Here is a dummy in a neutral pose matching the reference drawing.
To make my characters contrast with each other I scaled their dummies to make a tall strong figure and a shorter slim shape.
I could have used Bones to pose the models, but in this case just prefered to rotate the pieces individually. The only bits with more complicated deformation were the torsos - for these I used a large soft mask brush to select the shoulders and ribcage and just rotated that - producing a gentle bend of the backbone.
It is a lot easier posing these simple dummies than doing the same on a merged and sculpted model - as all the joints are just overlapping objects.
With the poses looking OK I continues to add some clothes and props.
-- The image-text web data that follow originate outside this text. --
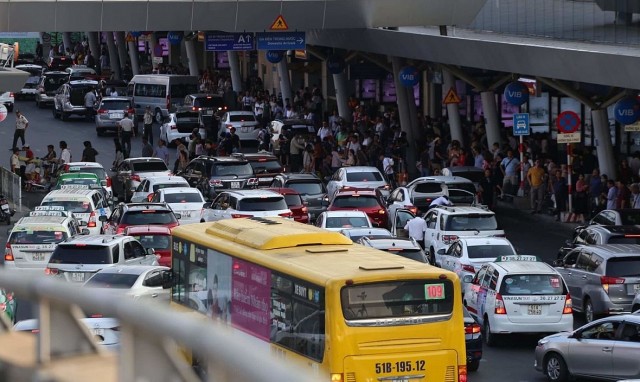 14 tuyến xe chở khách kết nối sân bay Tân Sơn Nhất sắp đi vào hoạt động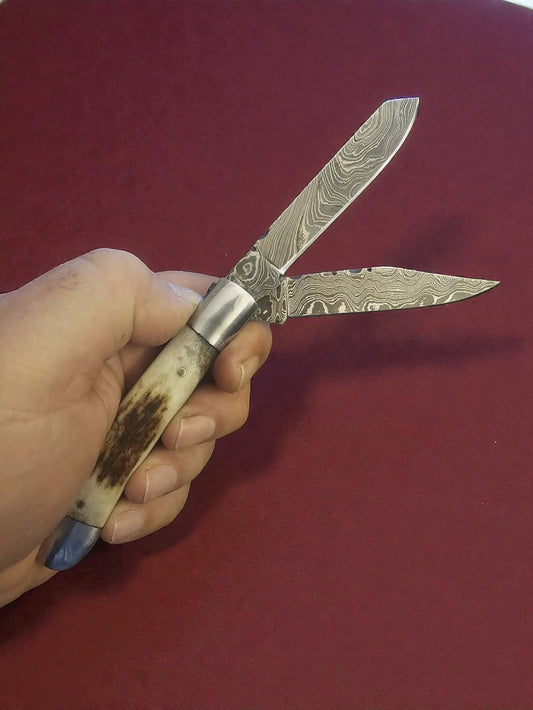 F011 - Χειροποίητο Pocket Knife από Δαμασκηνό Ατσάλι & Κέρατο κόκκινου ελαφιού (διπλή λεπίδα)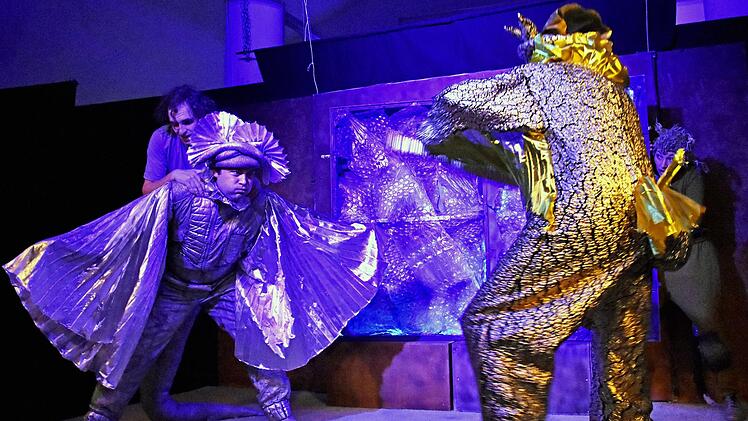 Wie wird der Kampf zwischen dem Drachen Lung und dem Drachen Nesselbrand in dem Theaterstück "Drachenreiter"ausgehen? Unser Bild zeigt (von links) Martin Habermeyer, Patrick L. Schmitz, Peter Florian Berndt und Aline Joers.  Ulrike Langer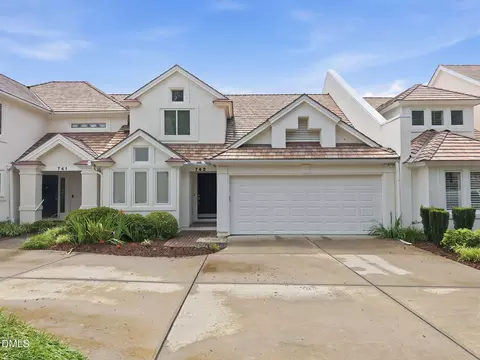 743 Crabtree Crossing Pkwy, Cary, NC 27513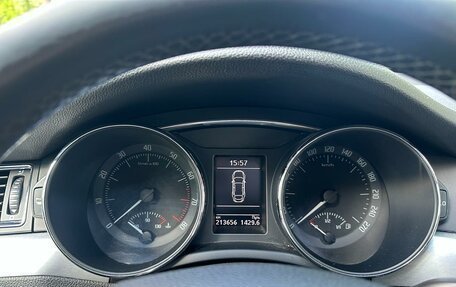 Skoda Superb III рестайлинг, 2014 год, 1 200 000 рублей, 13 фотография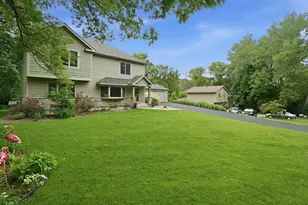 14901 Williston Ln, Minnetonka, MN 55345 - Photo 6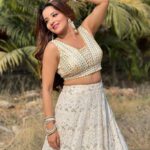 Antara Biswas Instagram - Today on the sets of Good night India! Had a great laugh, what an energy! Fantastically produced by King of comedy shows @optimystixmedia @nikuld @vipuldshahofficial Watch out for me this Holi, doing a very small comedy stint. I hope you like it! :)…. Mua: @sachinmakeupartist1 Hairstyling: @shab_qureshi786 📸: @deepakpathak663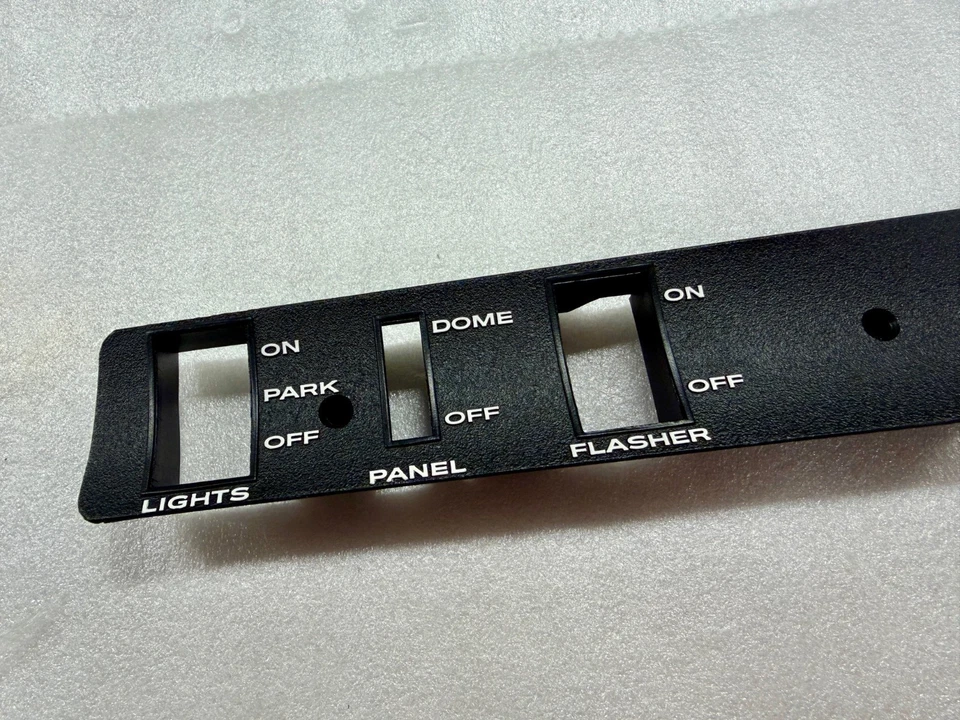 1968 1969 68 69 Mopar Dodge Plymouth Coronet Road Runner panel de interruptores como nuevo en stock Foto 4 de 4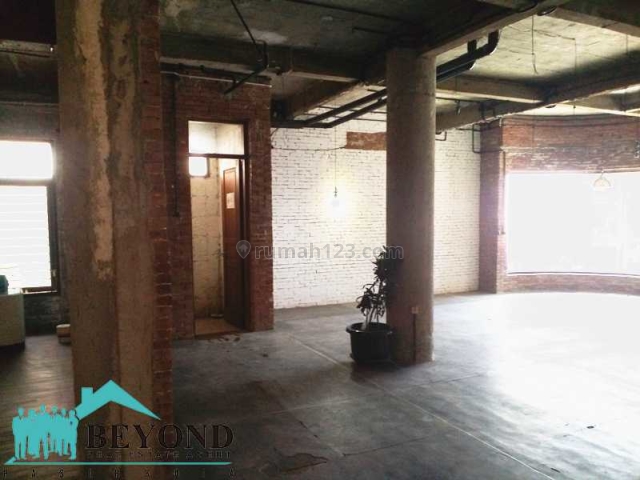 Rumah Luas dengan 2 lantai, bangunan masih bagus di BKR Bandung, BKR, Bandung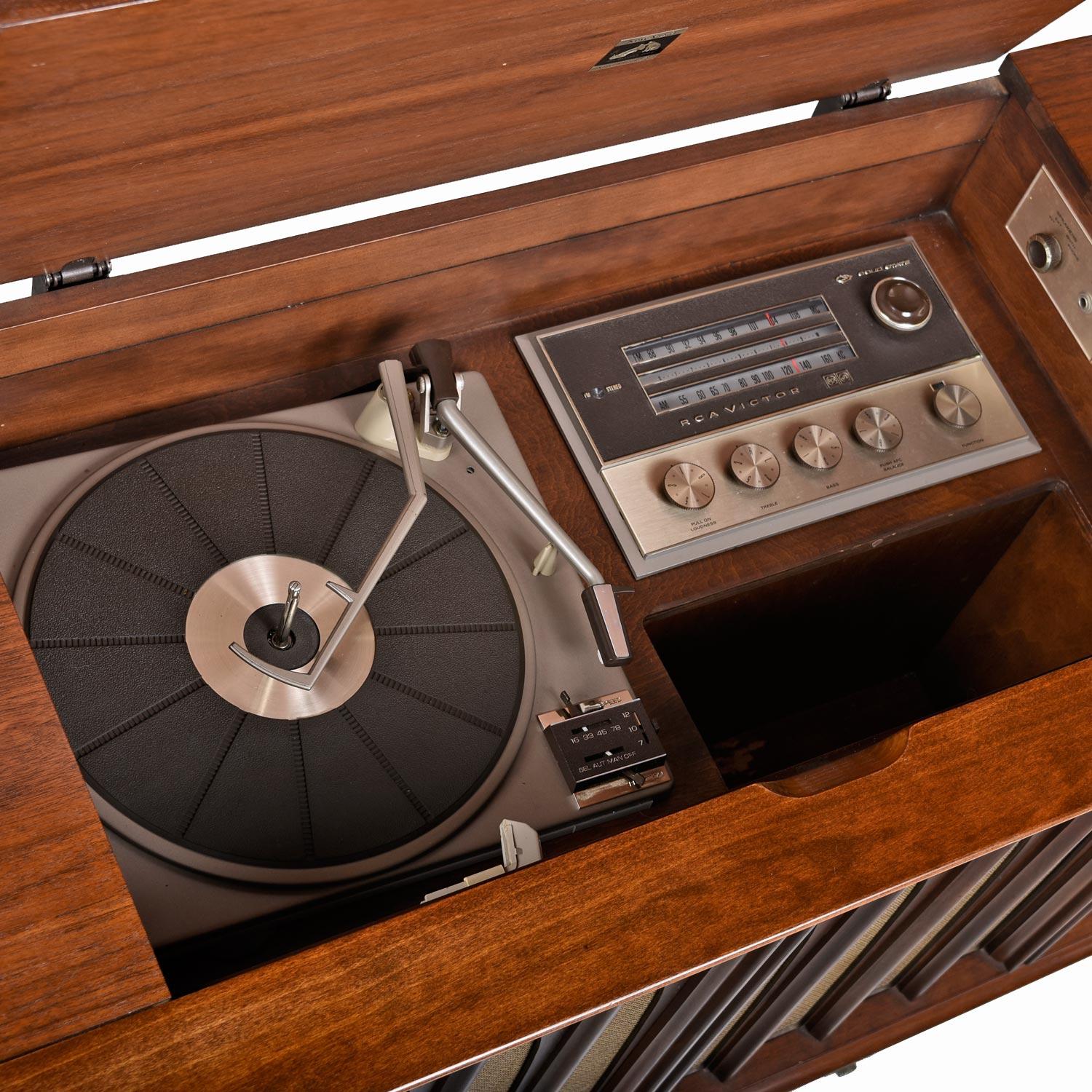 American Danish Walnut Credenza Style RCA Console Stereo, Fully Serviced and Working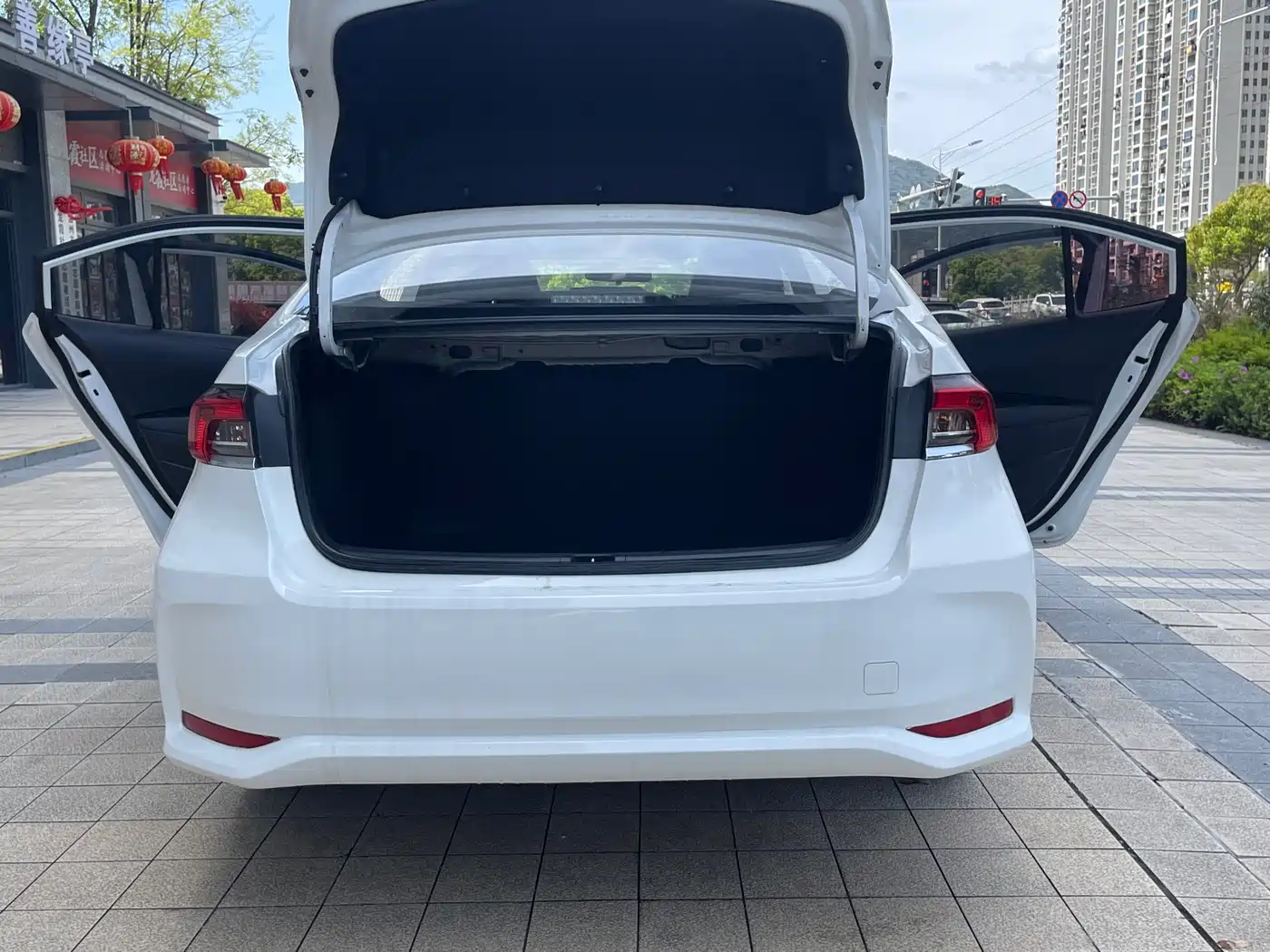 Toyota Corolla 2023 1.2T Pioneer Edition фото 14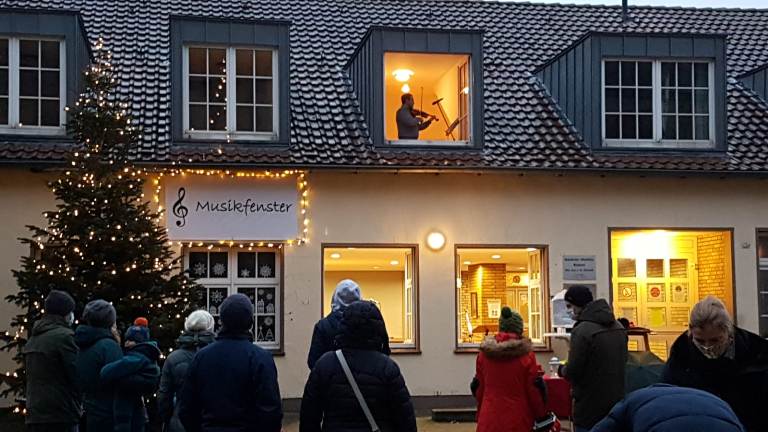 Blick auf das Musikfenster am Nikolaustag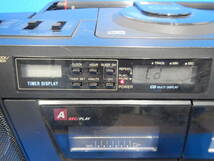 AE 68 * ビクターラジカセ　ロッドantenna有りません　カセット左右OK CD 反応しません　FM受信します_画像4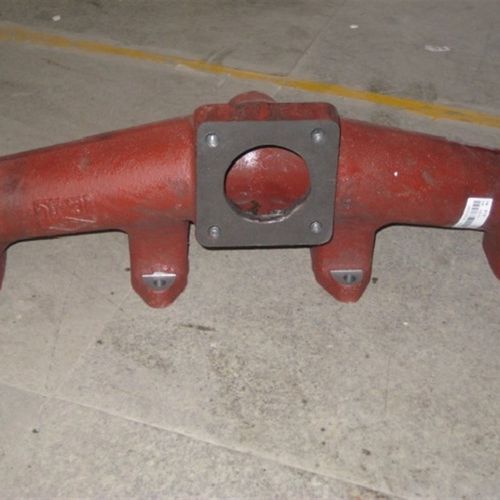 销售上柴,东风4135柴油机配件   排气管4135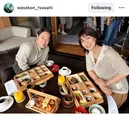 阿部サダヲ＆松たか子、ホテルの豪華な朝食を前に楽し気にほほ笑むオフショット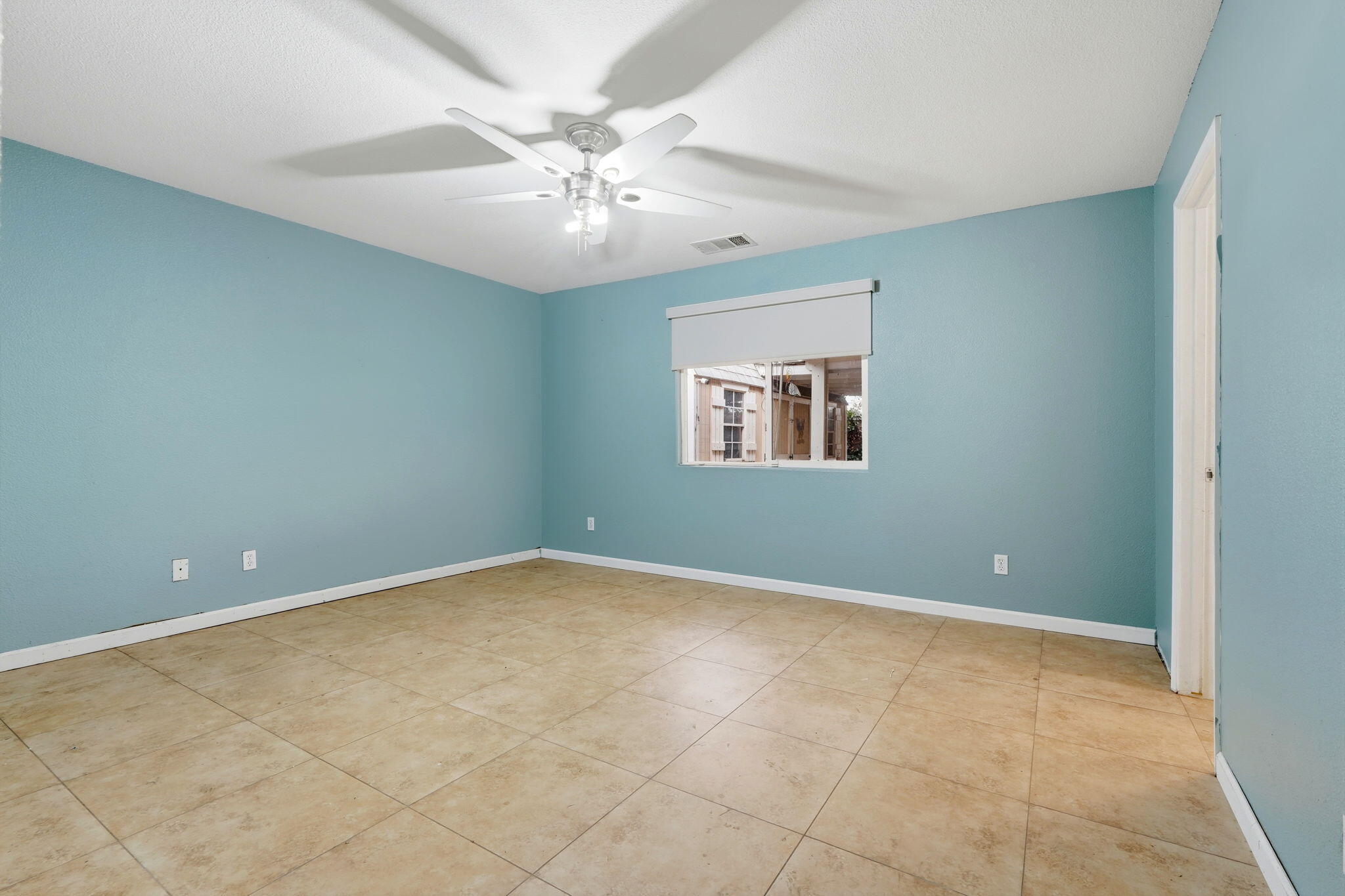 226 N Amador St, Visalia, CA 93292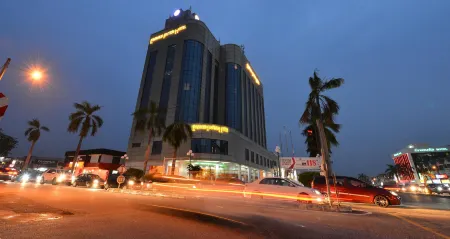 Emerald Puteri Hotel Отели в г. Sungai Pasir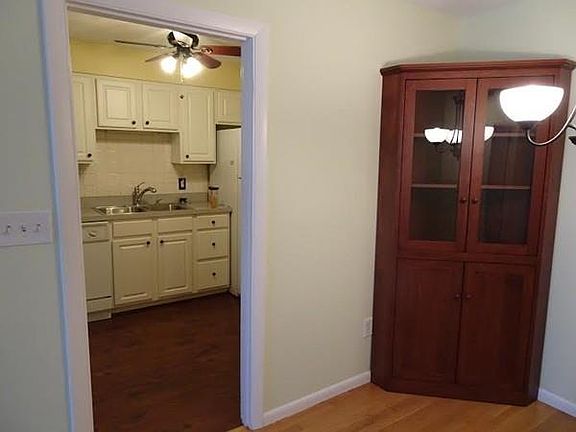 3rd image of 245 Lafayette St #2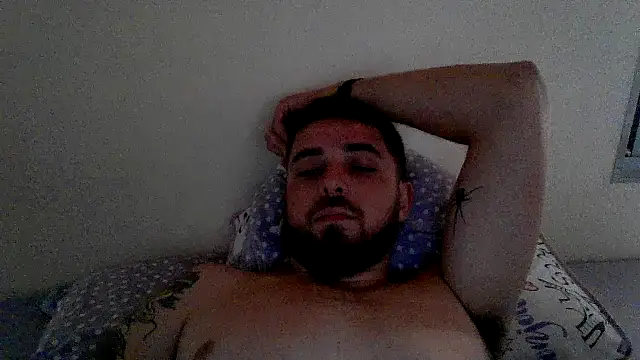 Snapshot of Dat1994 chatting on October 27, 12:20 pm Dat1994 online show from October 27, 12:20 pm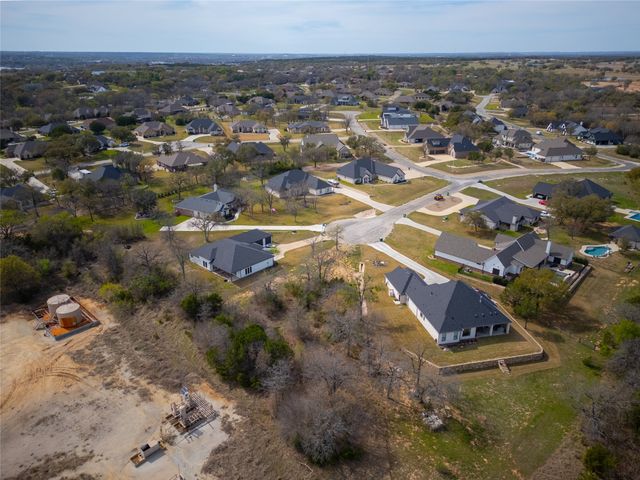 4012 Legend Trail, Granbury, TX 76049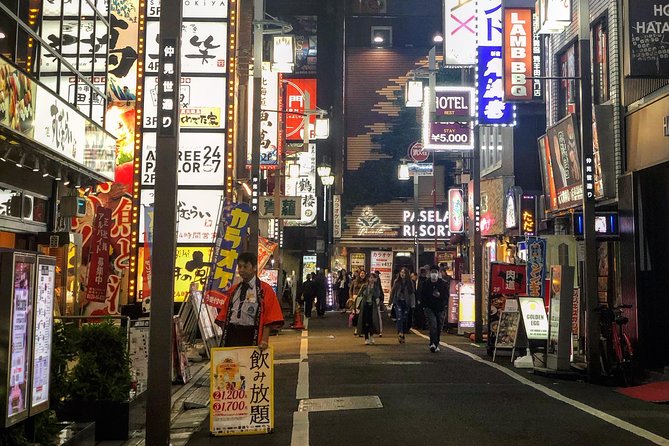 Shinjuku: Golden Gai Food Tour - The guides make or break the evening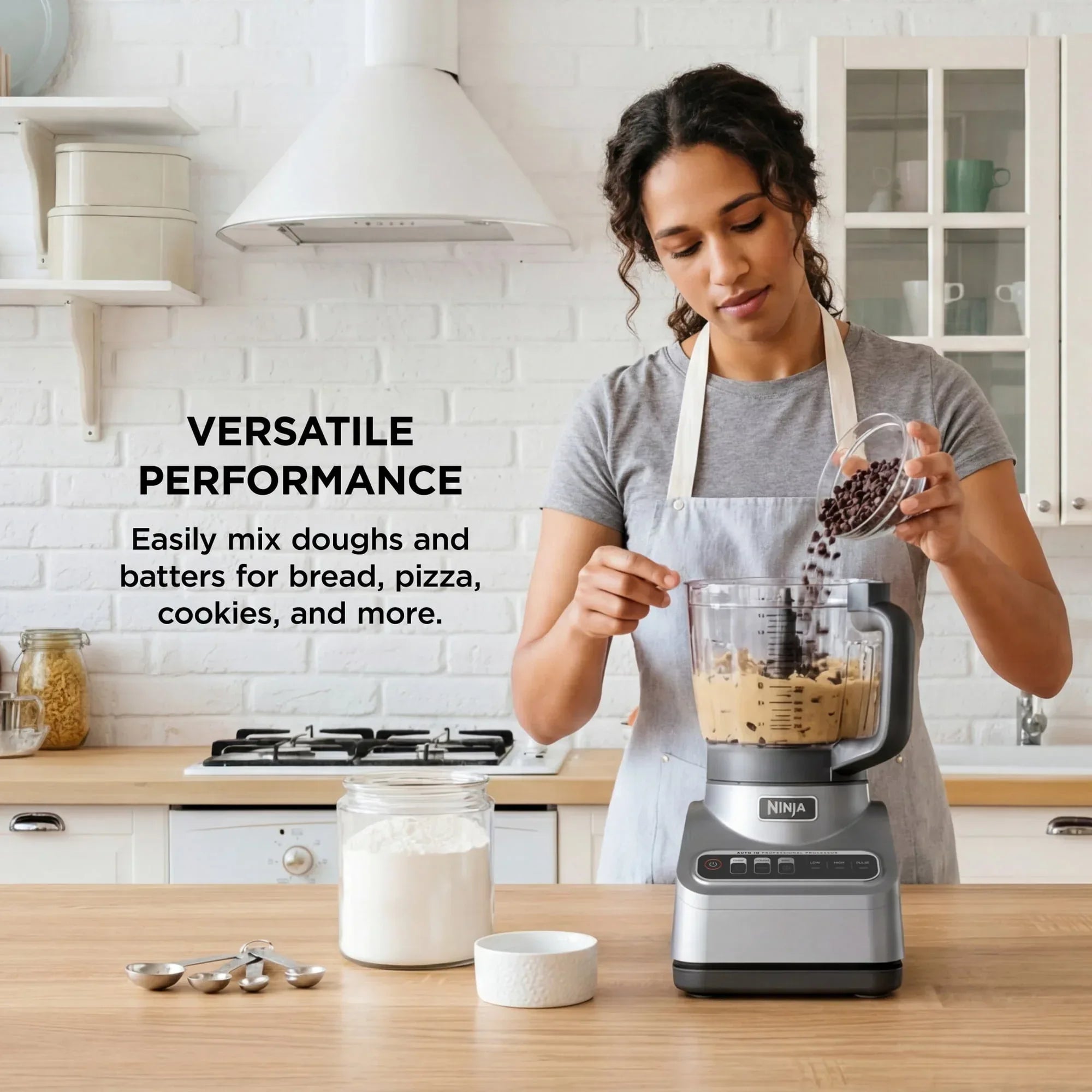 Ninja Professional 9 Cup Food Processor, 850 Watts, Auto-iQ 3 Presets, Chop, Dough, Slice, Shred, BN600 Silver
This is probably the most varied part of the sculpt - I used a wide variety of cutting and joining techniques to turn the simple lathes into more complex shapes and continuous skins - for example "Voxel Merge" and "Weld to Parent". I also used some new Curvy 4.0 tools like "Drop Curve to Surface" and "Slab with Holes".
Up to here everything is smooth and simple - effectively a detailed base mesh. You could take this into a dedicated sculpting program, or just continue in Curvy with the built in sculpting tools. Roughing up the surfaces and adding creases and definition helps the model look more natural.
You can see below where I have sculpted in details - the mesh automatically subdivides to add detail where you are sculpting.
The final model in clay shading -
The final render - I rendered multiple screenshots of the same scene with different Lightmap and HDR settings, and composited the shots in 2D afterwards as well as adding a background and doing some colour correction. This made it easier to manage multiple lights and a strong backlight.